I had a very good day today. My mean professor was actually very nice, so I'm in a very good mood. A couple of nights ago Ed told his parents that he isn't going to pursue his PhD and they were fine with it. So to me that means that it's official that we'll be coming home after I'm done. Woo Hoo!
I've also included a story that I've been working on. I'm posting the "juvenile" version. I like this one better, but my Prof said that I needed to make it more adult. I've also just written a pretty good short fic, but it's very dark and disgusting. My Prof was encouraging us to push the envelope, so I went for the other spectrum of fiction. If you want to read that one let me know and I'll email. It's a little too graphic to put on here.
By: Allison Chin
“Don’t eat the yellow snow,” she told me. I didn’t know why she would say that. It was a free lemon snow cone just waiting to be found by that lucky someone. That day I was the lucky boy. When I tried to scoop it up with my snowball maker she yelled at me so loud that Mrs. Robinson almost dropped her snow shovel. “What did I just tell you? Don’t eat the yellow snow, Dimwit.”

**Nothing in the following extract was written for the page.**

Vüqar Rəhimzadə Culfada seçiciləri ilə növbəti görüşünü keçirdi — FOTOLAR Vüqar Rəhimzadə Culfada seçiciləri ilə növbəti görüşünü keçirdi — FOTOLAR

She was right. I hate when she is right. When she wasn’t looking I took a quick mouthful. It didn’t taste like a lemon snow cone at all. It tasted like pee! I had eaten someone else’s pee! I thought that I was going to die after that.
I was mad at her for not telling me that it wasn’t lemon flavored. I was mad when she laughed at me and said “I told you so”. I was mad when she said “It serves you right” when I told her that I thought I was going to die. I was just plain mad. I had just eaten some else’s pee after all.
That night I went to bed clutching my stomach, scared to death of death. When I woke the next morning with the bright, heatless winter sun shining on my face I was so happy that I could have kissed my ugly sister. I was alive! And I told the whole family so. I told Mrs. Robinson who was out shoveling her walkway. I told the milkman. I told my cat, Pebbles, who was looking at the little birds from the window. I told the little birds. And then I told Jeffery Parson, the boy from next door, that I was alive.
“Why wouldn’t you be?” he asked.
I gave him a serious look then; one that I hoped would get how grave the situation was across. “I ate yellow snow,” I said.
“Did it taste like lemon?” His eyes lit up like a Jack-o-lantern on Halloween.
“No, it wasn’t lemon at all.” I shook my head solemnly. He looked so disappointed at this news that I thought I shouldn’t have told him at all.
“What did it taste like?”
“How do you know what pee tastes like?” he asked with a disgusted face.
“Believe me, you just do,” I said. “Don’t eat the yellow snow.” I turned away from him then and headed back towards my house.
“No, I don’t think I will.” I heard him say from behind me. I never ate yellow snow or lemon snow cones again.